§ Data records

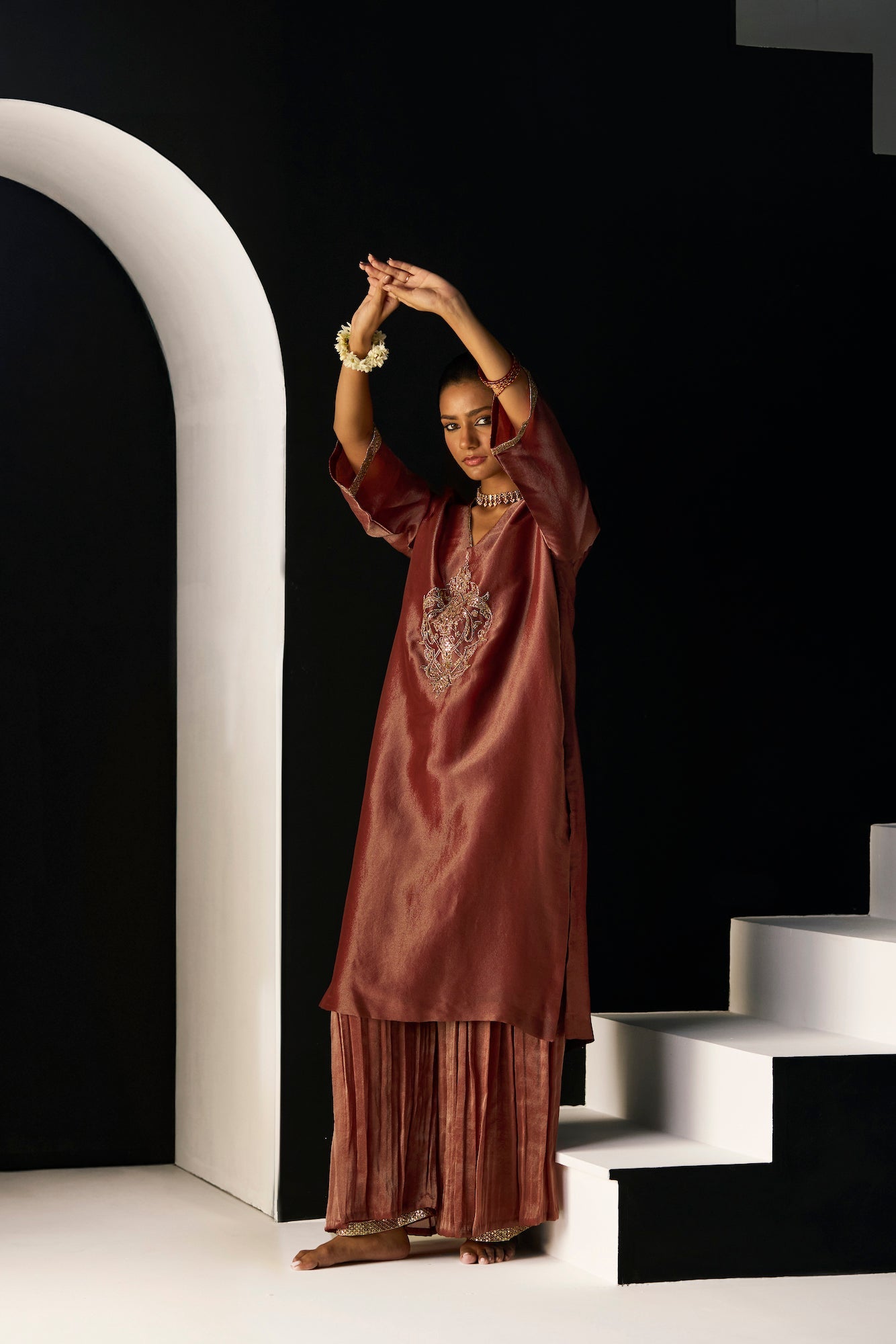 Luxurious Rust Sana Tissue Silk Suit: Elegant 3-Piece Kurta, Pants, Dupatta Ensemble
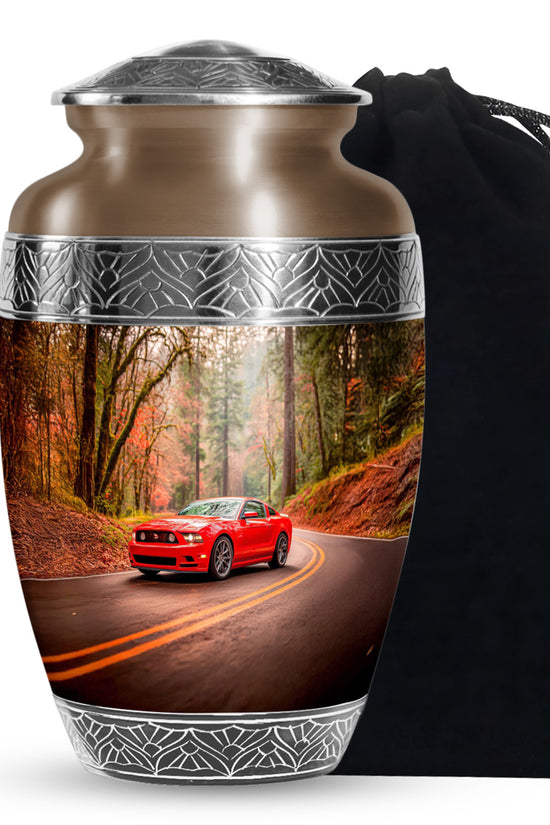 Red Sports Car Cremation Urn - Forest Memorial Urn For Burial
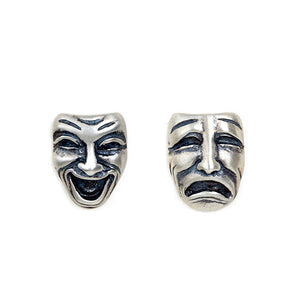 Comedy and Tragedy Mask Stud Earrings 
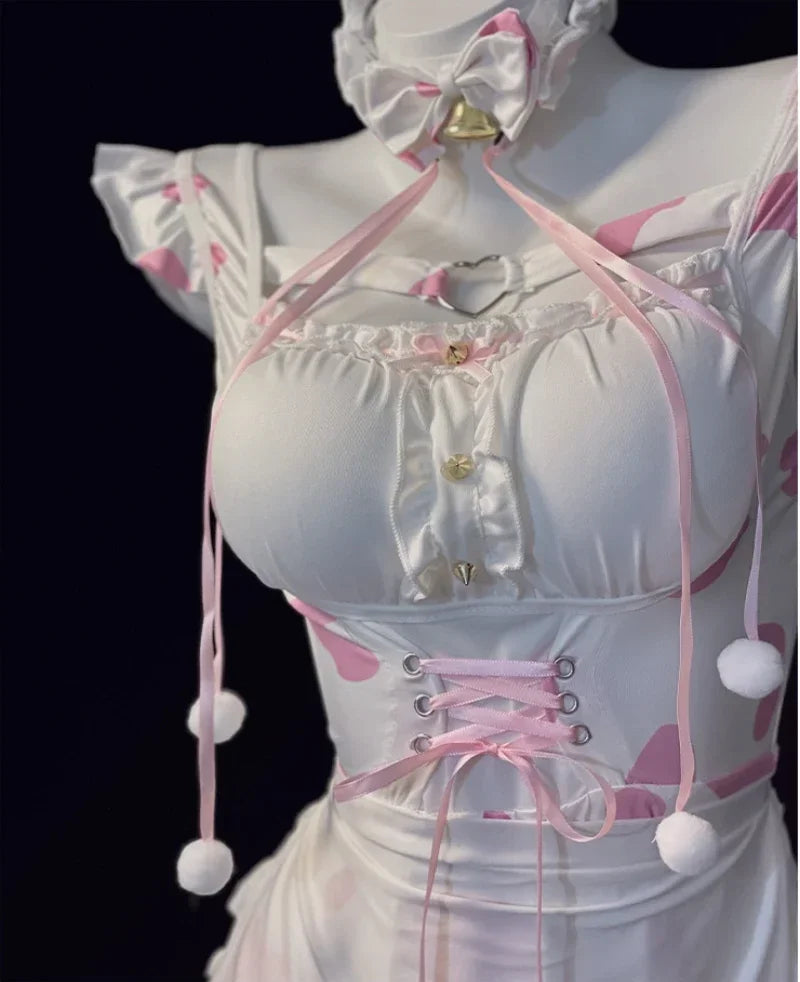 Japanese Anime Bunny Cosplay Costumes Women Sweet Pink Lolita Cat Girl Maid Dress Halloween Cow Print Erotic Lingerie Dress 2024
...
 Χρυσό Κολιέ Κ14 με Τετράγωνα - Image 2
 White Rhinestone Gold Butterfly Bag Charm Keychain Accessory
---
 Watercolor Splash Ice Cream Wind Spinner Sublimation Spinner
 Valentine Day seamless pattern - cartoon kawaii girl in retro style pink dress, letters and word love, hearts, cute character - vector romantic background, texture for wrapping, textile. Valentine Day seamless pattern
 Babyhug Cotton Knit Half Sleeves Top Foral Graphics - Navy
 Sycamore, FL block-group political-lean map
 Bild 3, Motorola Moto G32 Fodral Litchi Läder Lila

§ Problem to solve
After locating the line containing "Luxurious Rust Sana" in the entries above, return it and every line after it exactly, ending at the line containing "Japanese Anime Bunny", without pictures.

§ Result for this task
 Luxurious Rust Sana Tissue Silk Suit: Elegant 3-Piece Kurta, Pants, Dupatta Ensemble
 Red Sports Car Cremation Urn - Forest Memorial Urn For Burial
 Comedy and Tragedy Mask Stud Earrings 
 Japanese Anime Bunny Cosplay Costumes Women Sweet Pink Lolita Cat Girl Maid Dress Halloween Cow Print Erotic Lingerie Dress 2024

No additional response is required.